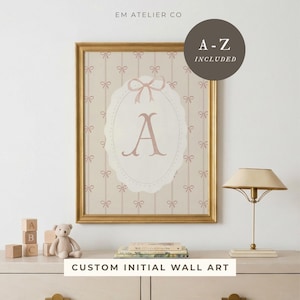 May include: A framed wall art print with a gold frame. The print features the letter "A" in a pink oval with a bow design, set against a light pink bow pattern background. The text "CUSTOM INITIAL WALL ART" is at the bottom.
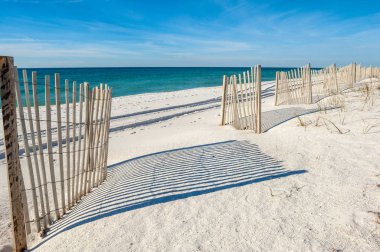 White sandy beach with fences,  Gulf of Mexico coast, Alabama Gulf shores, USA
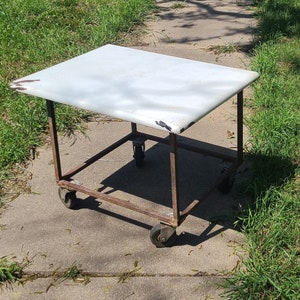 May include: A white metal table with a white top and four wheels. The table is made of metal and has a simple design.
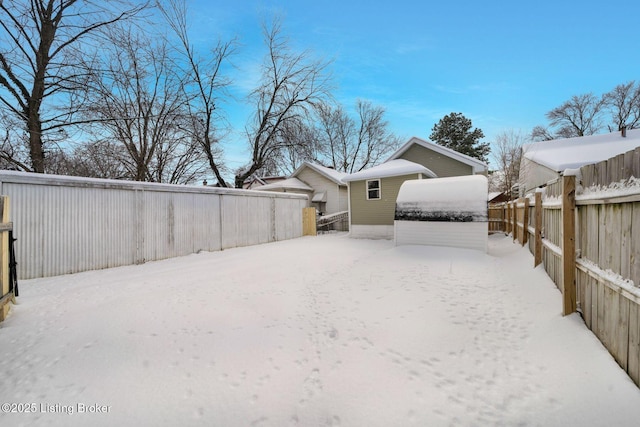 view of yard covered in snow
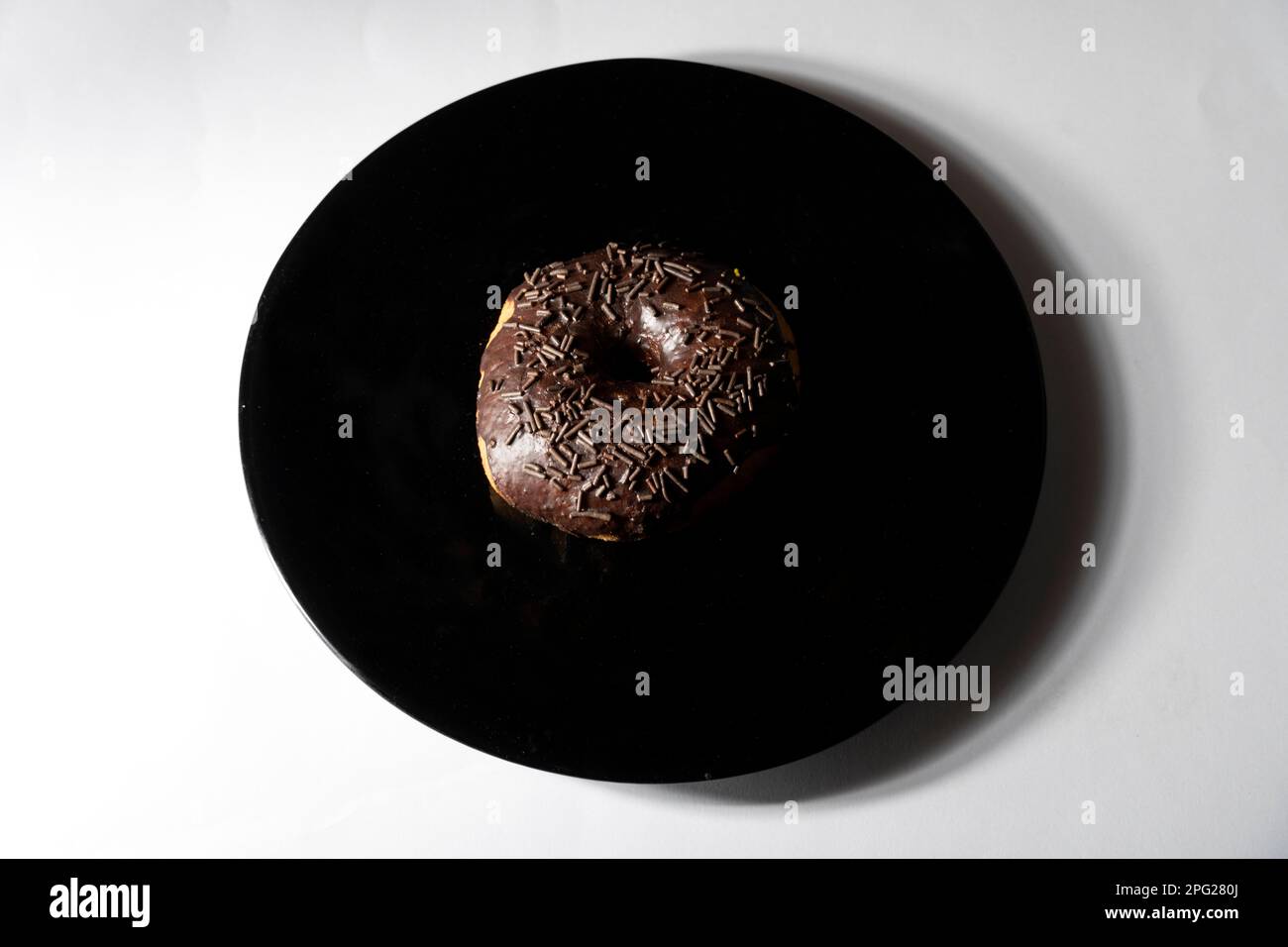 chocolate donut in black plate on white background. Top view Stock ...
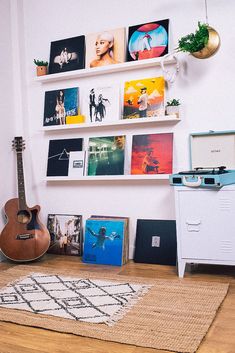 there is a guitar and other items on the floor in front of a white wall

AIM OF THE EXERCISE:
Look at the listing and set down only the lines from its start through the line with "White sandy beach", word for word and without pictures.

EXERCISE RESULT:
 May include: A framed wall art print with a gold frame. The print features the letter "A" in a pink oval with a bow design, set against a light pink bow pattern background. The text "CUSTOM INITIAL WALL ART" is at the bottom.
 White sandy beach with fences,  Gulf of Mexico coast, Alabama Gulf shores, USA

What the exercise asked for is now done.